Lenard Francis • May 31

"Surface the evidence; don't assert the verdict"—that's exactly the line we're trying to hold.

Right now the correlation is purely temporal — commits within 10 minutes before the incident start timestamp, with a flag if any touched database/query/migration files. It's a strong prior, not a conclusion.

The Claude prompt receives both the metrics and the commit context, and the confidence score reflects whether the evidence is actually coherent. A deploy that touched auth middleware showing up 3 minutes before a latency spike on the payment endpoint gets lower confidence than the same deploy touching the payment query directly.

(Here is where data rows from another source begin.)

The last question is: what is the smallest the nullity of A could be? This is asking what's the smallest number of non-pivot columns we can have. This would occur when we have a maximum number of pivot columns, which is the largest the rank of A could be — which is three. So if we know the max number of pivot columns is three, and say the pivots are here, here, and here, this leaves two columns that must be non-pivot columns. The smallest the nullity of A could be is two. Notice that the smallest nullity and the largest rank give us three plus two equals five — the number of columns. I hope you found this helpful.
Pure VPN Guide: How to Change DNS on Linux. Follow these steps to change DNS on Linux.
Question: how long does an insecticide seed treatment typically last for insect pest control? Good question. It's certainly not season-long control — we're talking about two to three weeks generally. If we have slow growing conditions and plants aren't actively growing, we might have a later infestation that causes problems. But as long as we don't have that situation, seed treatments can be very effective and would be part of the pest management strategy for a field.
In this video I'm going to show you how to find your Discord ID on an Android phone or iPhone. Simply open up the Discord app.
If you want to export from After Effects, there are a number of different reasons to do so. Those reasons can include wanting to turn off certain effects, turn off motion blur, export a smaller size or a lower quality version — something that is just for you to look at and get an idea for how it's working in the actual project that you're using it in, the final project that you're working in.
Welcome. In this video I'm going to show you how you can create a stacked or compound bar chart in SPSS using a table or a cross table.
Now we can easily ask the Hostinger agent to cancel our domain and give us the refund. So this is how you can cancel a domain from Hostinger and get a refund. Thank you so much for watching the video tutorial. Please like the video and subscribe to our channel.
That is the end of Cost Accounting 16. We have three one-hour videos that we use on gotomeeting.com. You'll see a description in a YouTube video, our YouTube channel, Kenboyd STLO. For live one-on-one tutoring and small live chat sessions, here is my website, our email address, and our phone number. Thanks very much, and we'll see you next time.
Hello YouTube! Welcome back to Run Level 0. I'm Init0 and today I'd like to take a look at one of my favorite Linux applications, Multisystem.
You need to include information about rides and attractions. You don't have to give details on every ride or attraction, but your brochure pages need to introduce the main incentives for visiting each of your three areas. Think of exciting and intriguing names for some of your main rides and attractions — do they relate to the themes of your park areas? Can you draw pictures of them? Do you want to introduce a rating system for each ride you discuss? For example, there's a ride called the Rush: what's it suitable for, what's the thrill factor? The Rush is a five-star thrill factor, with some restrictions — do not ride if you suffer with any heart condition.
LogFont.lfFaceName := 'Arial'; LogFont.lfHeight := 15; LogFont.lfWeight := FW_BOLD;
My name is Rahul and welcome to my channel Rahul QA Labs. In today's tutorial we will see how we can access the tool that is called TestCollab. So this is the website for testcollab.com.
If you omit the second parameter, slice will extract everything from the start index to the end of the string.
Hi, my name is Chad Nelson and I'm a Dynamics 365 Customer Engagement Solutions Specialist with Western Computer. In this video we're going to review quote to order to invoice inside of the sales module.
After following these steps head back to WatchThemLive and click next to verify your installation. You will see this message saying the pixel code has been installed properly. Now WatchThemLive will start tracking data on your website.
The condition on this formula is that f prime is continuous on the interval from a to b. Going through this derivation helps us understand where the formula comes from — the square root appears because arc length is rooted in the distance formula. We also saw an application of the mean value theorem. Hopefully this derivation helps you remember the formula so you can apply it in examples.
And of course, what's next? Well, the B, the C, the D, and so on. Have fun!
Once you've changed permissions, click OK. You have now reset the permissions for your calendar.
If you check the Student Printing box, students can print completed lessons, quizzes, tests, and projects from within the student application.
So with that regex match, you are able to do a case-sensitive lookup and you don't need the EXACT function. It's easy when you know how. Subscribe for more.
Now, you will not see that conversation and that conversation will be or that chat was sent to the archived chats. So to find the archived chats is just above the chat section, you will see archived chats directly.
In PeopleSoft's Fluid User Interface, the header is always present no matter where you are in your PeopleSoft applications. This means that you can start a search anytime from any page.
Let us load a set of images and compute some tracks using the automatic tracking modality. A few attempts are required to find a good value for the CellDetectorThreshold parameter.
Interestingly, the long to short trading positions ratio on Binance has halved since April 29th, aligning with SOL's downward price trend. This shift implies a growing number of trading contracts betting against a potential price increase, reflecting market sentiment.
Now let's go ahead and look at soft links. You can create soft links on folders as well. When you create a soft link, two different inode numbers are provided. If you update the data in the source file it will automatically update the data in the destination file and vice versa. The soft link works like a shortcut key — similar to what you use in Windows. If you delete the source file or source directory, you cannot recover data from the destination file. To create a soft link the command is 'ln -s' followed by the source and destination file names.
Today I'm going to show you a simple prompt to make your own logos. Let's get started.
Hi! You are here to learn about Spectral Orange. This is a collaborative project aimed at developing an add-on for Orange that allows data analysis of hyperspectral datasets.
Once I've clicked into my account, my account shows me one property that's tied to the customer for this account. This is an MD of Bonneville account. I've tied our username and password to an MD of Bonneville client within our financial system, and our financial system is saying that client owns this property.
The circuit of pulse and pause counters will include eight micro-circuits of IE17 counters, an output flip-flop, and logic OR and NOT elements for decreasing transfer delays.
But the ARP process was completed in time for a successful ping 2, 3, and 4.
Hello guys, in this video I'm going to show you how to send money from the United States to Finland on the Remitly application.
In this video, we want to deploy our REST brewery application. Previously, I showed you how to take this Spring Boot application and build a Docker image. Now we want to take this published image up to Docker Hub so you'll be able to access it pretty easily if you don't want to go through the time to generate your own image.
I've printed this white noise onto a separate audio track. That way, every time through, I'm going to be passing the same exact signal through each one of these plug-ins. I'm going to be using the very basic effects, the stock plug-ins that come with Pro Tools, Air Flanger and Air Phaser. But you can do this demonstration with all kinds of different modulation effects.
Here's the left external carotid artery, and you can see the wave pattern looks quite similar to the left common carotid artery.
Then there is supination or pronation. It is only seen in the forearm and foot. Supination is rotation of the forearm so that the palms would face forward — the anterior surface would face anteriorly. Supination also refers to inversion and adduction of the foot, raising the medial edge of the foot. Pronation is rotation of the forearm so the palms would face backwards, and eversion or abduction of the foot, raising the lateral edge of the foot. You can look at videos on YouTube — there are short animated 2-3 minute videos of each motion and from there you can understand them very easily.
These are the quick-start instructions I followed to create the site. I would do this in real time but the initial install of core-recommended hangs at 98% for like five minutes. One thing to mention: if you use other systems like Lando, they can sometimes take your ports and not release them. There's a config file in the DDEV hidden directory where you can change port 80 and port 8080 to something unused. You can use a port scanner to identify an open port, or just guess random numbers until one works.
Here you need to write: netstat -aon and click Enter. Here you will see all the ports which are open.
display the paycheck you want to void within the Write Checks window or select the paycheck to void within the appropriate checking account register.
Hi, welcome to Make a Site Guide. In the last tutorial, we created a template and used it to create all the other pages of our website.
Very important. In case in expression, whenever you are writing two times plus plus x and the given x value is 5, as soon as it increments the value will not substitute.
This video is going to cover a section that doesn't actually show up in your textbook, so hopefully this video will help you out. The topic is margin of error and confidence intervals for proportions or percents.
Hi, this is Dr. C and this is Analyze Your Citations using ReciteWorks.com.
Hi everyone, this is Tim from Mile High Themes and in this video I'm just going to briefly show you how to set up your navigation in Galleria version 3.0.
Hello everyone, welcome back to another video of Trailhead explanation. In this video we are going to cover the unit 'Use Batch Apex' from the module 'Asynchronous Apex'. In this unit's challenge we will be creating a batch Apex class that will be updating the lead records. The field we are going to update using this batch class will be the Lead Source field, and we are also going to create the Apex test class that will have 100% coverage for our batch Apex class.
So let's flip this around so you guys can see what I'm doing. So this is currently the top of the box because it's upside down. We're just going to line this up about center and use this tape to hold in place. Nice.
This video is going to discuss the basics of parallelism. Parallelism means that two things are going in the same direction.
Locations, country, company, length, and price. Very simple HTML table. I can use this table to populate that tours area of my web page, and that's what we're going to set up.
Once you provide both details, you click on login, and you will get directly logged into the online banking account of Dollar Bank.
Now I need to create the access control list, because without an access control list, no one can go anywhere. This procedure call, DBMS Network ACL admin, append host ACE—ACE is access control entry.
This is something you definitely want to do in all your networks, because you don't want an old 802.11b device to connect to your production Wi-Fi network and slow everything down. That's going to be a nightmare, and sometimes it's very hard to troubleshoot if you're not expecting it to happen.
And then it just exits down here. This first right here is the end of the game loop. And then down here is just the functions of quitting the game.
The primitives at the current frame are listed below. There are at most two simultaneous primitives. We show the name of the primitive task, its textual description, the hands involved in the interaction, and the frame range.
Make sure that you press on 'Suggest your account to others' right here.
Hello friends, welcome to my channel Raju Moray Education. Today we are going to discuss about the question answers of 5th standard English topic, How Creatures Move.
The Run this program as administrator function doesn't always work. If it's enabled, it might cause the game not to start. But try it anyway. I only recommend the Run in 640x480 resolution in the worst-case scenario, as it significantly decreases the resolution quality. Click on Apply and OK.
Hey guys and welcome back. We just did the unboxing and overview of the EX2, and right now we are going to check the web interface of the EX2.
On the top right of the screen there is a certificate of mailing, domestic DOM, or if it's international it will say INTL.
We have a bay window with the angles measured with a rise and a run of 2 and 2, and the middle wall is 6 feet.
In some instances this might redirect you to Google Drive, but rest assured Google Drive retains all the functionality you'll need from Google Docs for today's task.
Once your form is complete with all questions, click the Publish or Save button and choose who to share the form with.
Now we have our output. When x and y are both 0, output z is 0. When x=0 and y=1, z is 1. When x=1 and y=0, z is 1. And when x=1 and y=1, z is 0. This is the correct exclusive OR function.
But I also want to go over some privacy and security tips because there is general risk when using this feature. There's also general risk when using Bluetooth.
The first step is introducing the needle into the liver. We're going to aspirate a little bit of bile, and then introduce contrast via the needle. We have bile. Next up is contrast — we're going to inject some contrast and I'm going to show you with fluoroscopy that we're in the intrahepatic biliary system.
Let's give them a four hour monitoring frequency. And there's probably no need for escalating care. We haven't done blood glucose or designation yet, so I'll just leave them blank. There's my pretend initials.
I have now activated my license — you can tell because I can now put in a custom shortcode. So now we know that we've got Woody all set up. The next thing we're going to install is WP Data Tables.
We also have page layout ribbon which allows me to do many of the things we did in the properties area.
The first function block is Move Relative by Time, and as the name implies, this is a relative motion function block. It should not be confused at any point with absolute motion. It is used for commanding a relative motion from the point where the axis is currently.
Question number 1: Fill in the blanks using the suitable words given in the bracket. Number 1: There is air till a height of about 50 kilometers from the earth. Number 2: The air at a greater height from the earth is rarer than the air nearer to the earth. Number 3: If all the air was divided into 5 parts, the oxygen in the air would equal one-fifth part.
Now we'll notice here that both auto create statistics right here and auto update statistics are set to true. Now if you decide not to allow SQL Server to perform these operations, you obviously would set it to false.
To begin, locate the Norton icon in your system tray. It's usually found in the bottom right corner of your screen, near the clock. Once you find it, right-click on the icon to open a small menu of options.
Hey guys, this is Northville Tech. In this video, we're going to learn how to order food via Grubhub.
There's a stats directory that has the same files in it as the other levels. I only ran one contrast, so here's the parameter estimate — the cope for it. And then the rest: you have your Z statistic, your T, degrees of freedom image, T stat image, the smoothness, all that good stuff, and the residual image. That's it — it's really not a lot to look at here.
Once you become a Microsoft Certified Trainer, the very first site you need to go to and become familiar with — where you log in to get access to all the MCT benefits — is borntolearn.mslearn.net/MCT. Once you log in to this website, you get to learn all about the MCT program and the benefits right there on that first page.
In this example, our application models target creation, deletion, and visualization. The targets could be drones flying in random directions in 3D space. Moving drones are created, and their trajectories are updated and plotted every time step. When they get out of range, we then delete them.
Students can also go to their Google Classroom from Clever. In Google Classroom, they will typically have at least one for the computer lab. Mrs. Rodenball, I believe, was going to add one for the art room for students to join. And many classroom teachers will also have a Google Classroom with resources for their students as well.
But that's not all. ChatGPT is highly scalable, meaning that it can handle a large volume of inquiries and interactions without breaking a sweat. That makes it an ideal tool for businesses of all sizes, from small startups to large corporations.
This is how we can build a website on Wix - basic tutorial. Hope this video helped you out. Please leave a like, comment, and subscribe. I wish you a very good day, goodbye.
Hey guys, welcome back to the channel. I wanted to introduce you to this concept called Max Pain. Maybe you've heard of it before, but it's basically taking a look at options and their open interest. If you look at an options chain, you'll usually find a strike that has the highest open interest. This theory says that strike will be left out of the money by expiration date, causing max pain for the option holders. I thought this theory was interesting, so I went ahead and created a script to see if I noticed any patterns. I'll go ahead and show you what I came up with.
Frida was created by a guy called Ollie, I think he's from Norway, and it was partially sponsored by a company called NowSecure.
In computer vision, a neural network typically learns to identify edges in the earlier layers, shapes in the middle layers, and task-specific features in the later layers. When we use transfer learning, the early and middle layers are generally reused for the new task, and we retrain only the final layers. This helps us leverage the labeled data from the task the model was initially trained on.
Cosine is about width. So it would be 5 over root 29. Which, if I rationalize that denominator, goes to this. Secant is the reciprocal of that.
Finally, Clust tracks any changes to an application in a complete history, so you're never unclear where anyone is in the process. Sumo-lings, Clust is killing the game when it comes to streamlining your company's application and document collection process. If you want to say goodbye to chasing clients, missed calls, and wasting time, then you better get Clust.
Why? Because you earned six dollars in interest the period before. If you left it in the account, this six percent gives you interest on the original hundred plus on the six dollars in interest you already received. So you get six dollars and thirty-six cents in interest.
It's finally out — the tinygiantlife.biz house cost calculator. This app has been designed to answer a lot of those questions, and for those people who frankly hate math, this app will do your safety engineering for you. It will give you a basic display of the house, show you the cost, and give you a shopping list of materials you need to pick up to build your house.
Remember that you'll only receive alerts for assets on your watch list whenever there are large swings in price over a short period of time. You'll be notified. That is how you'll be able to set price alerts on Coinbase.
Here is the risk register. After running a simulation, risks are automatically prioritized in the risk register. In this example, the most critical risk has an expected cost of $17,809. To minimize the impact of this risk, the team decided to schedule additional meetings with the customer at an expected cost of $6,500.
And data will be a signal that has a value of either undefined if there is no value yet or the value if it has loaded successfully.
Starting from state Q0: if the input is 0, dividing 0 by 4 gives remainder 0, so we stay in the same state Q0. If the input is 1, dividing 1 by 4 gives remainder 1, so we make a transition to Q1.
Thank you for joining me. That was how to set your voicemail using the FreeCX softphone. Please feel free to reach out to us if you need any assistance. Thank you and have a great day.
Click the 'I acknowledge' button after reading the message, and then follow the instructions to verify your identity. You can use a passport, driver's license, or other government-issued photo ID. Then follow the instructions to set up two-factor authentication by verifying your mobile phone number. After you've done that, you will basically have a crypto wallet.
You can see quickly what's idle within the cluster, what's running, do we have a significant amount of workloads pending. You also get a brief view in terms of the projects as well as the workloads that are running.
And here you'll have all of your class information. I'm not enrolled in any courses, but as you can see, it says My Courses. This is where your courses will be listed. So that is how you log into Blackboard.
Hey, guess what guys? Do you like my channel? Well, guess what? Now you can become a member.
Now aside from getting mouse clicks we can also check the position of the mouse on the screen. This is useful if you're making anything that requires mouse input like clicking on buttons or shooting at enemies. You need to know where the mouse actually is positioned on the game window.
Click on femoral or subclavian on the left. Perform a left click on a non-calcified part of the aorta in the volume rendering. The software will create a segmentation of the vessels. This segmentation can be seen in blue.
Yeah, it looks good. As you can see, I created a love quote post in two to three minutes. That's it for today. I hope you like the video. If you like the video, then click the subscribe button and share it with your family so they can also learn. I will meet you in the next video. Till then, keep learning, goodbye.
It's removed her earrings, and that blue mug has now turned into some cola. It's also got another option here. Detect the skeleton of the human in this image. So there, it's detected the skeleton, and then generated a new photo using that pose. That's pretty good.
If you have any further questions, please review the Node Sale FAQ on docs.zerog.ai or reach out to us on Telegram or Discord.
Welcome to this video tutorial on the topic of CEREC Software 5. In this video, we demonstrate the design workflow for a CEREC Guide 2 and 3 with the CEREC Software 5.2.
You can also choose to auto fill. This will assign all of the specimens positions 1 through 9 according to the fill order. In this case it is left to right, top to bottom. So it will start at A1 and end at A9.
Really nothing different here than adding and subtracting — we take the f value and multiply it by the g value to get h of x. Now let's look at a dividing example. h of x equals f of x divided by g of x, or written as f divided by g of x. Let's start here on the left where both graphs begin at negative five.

Your question about service-level weighting is the right next step. We have the alert's origin (which endpoint is spiking) and the commit's changed files — mapping those two together to produce a "blast radius overlap" score is on the roadmap but not yet built.

The slow-burn leak case is the harder problem. Temporal correlation would
miss it entirely. That's where the baseline memory helps — if P95 has
been climbing for 3 hours rather than spiking in the last 5 minutes, the deploy correlation gets deprioritized in favor of "gradual resource exhaustion"
patterns.

What's the Moonshift approach to distinguishing deploy-correlated spikes from slow burns?